A unidirectional prepreg precursor and a fiber reinforced composite material were produced in the same manner as in the comparative example 1, except that the resin composition in the reference example 26 was used as the constituent element (B). The composite material exhibited a low loss factor, which was undesirable.
A unidirectional prepreg was produced in the same manner as in the example 1, except that the resin composition in the reference example 26 was used as the constituent element (B). The unidirectional prepreg exhibited a good degree of surface localization of 99%. Next, a fiber reinforced composite material was produced in the same manner as in the example 1. The composite material exhibited a good degree of interlayer localization of 97%. The composite material exhibited a good loss factor, a good bending strength at 90°, a good bending modulus at 0°, and a good bending strength at 0° which were 192%, 98%, 96%, and 100%, respectively, compared with the comparative example 25. The composite material also exhibited a good Tg. Inclusion of the bisphenol F type epoxy resin having an epoxy equivalent of 2270 in the epoxy resin as the constituent element (B) led to an improved loss factor compared with the example 30.
A unidirectional prepreg precursor and a fiber reinforced composite material were produced in the same manner as in the comparative example 1, except that the resin composition in the reference example 27 was used as the constituent element (B). The composite material exhibited a low loss factor, which was undesirable.

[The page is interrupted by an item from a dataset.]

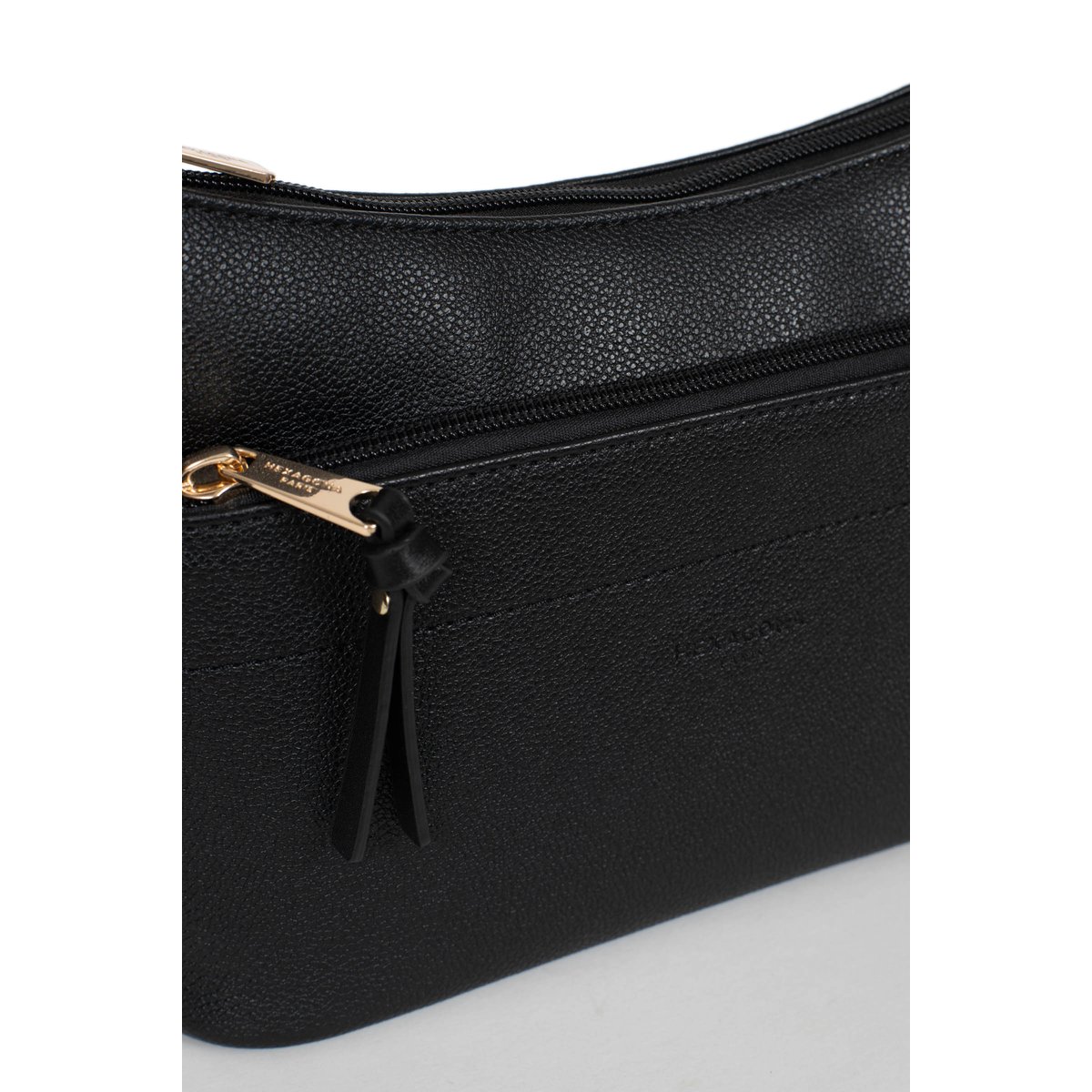 Sac porté travers MAÉ noir, HEXAGONA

A unidirectional prepreg was produced in the same manner as in the example 1, except that the resin composition in the reference example 27 was used as the constituent element (B). The unidirectional prepreg exhibited a good degree of surface localization of 98%. Next, a fiber reinforced composite material was produced in the same manner as in the example 1. The composite material exhibited a good degree of interlayer localization of 97%. The composite material exhibited a good loss factor, a good bending strength at 90°, a good bending modulus at 0°, and a good bending strength at 0° which were 190%, 100%, 97%, and 100%, respectively, compared with the comparative example 26. The composite material also exhibited a good Tg. Inclusion of the bisphenol F type epoxy resin having an epoxy equivalent of 4400 in the epoxy resin as the constituent element (B) led to an improved loss factor compared with the example 30.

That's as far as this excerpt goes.